Recipes Regurgitated: Soups Need Flava

Earlier this week, I said I'd try out a couple of new soup recipes from The New York Times to see if they'd fit my ease/healthiness/expense categories. While neither of them were breakaway hits, I guess they could have potential for someone out there, but it's a matter of taste (hahahaha! see? because I'm talking about food! anyway...). I'm always disappointed when a recipe comes out pretty crappily, especially because I usually end up putting in a lot of effort to be rewarded with something that magically takes my hunger away without filling up my stomach (I could start a new diet craze of preparing, and then being scared to eat, disgusting food).

So how did the recipes stack up? The answer: in half-filled bowls in my sink. Yeah, they were not great. But how not great were they? The answer: well, I'll tell you, using my handy-dandy review system.

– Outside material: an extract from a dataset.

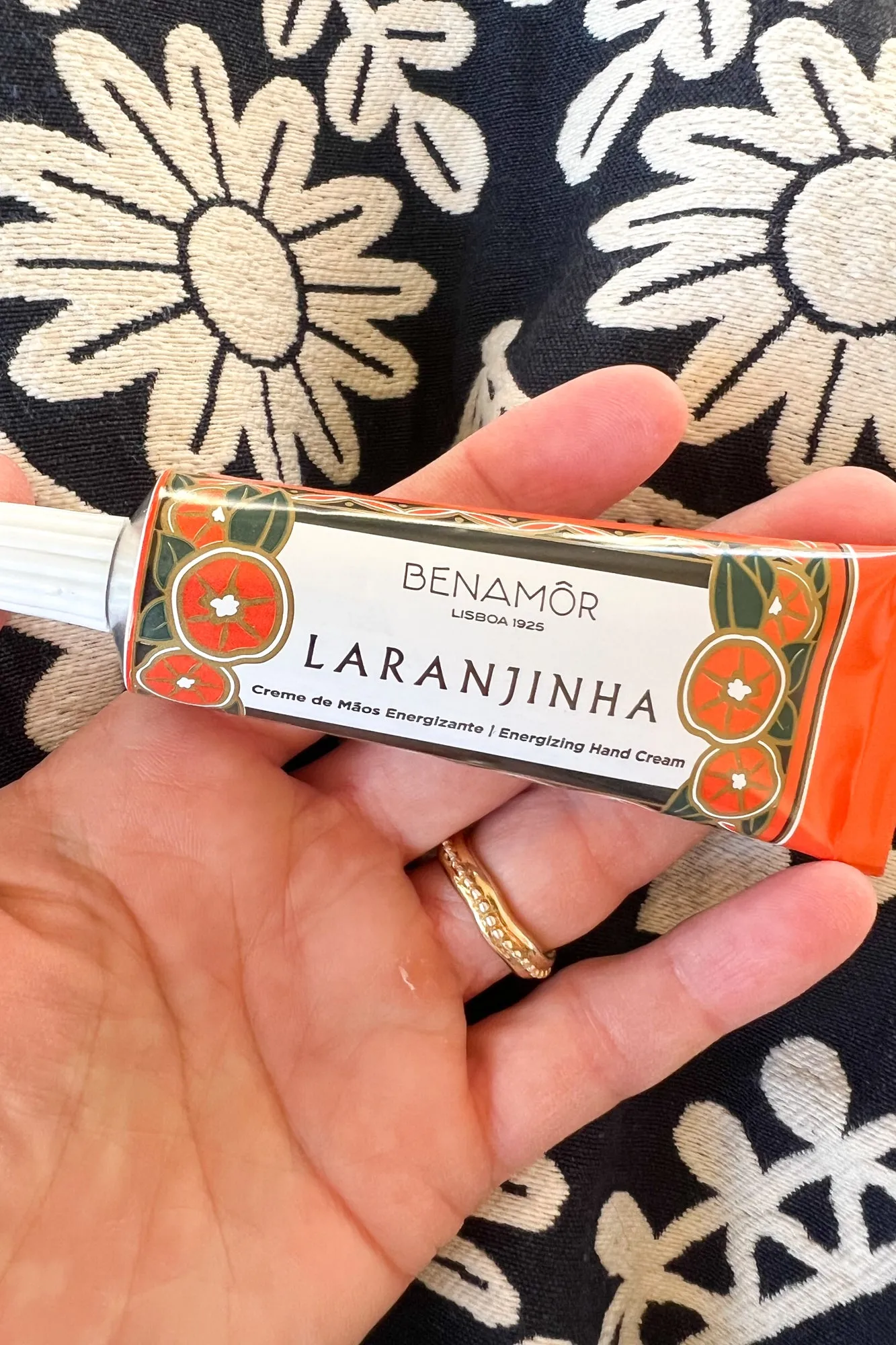 Benamor Laranjinha (Orange) Energizing Hand Cream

Recipes will be given one to five happy cleavers (*) for the following categories:
Shopping ease -- which includes convenience of finding items and cost
Preparation -- for it to be a regular weekday recipe, it should require no more than half an hour of actual work. Also did the preparation require special tools? How many knives did I go through? Big clean-up afterward?

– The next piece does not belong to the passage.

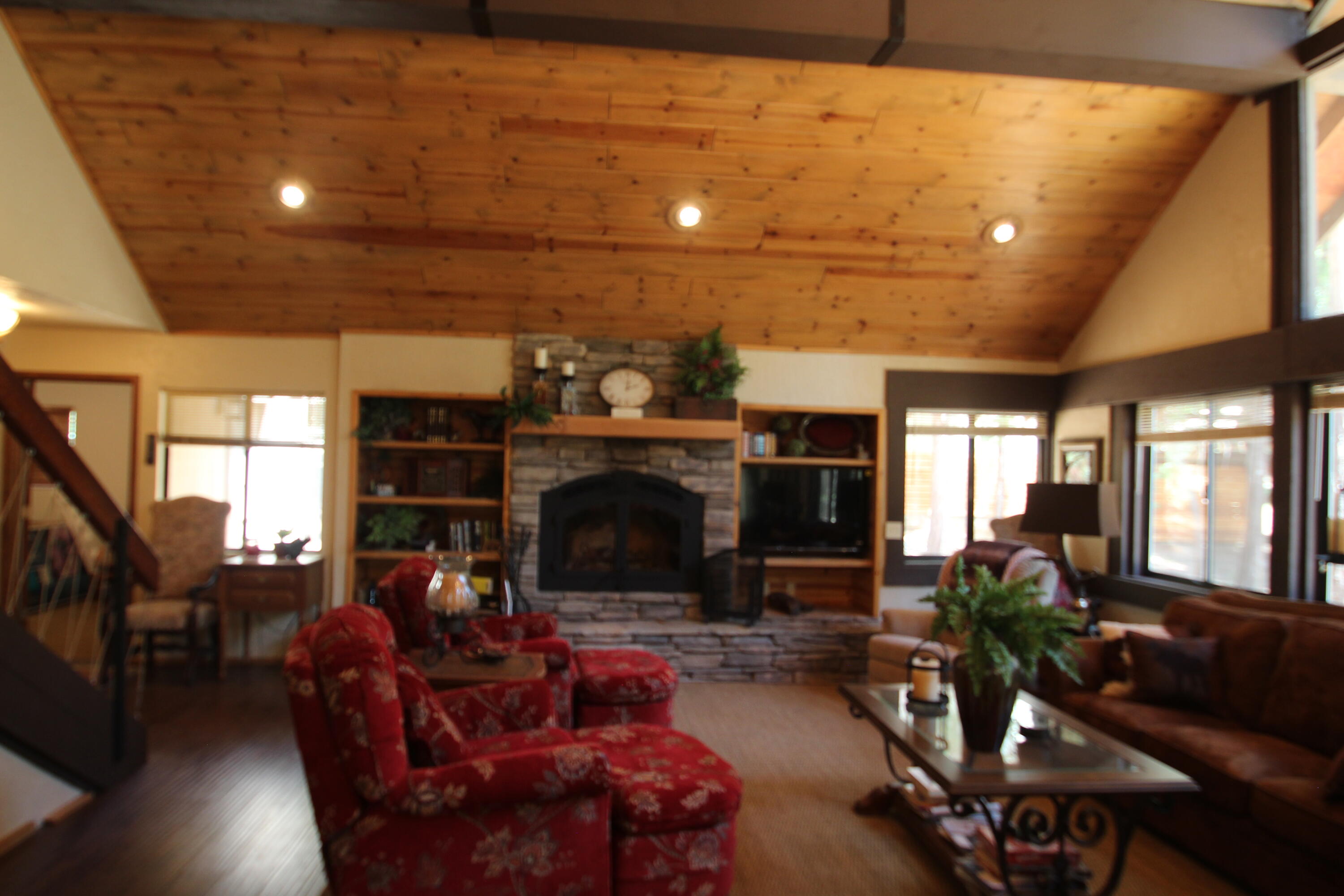 601 Linder Dr, Camp Nelson, CA 93265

Recipe readability -- The New York Times is notorious for dropping made-up words like "balouquet" into a recipe as though they expect me to know what it means. I hate this in life, but I hate it even more when I need to understand something so I don't accidentally poison myself. Did I have to wikipedia the recipe? That is bad.
Health Factor -- while most people might disagree, I really am trying to get into this "good for you" thing. Could I brag to my mom about this recipe? Would I be forced to lie when I go home?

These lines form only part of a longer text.